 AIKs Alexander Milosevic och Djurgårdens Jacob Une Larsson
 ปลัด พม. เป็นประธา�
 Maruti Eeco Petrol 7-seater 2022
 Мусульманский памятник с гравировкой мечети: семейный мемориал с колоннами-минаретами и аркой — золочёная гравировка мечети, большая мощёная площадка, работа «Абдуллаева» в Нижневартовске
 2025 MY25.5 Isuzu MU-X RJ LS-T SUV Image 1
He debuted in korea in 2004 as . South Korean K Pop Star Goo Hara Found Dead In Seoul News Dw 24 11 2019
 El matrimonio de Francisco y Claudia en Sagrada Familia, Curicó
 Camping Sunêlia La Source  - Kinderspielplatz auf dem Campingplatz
────────
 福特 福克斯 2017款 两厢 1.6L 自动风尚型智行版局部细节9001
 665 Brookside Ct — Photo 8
────────
■ To do: Copy exactly the stretch of data above from the line with "2025 MY25.5 Isuzu MU-X RJ LS-T SUV Image 1" through the line with "Camping Sunêlia La", and omit all other lines.

■ Exercise output:
 2025 MY25.5 Isuzu MU-X RJ LS-T SUV Image 1
He debuted in korea in 2004 as . South Korean K Pop Star Goo Hara Found Dead In Seoul News Dw 24 11 2019
 El matrimonio de Francisco y Claudia en Sagrada Familia, Curicó
 Camping Sunêlia La Source  - Kinderspielplatz auf dem Campingplatz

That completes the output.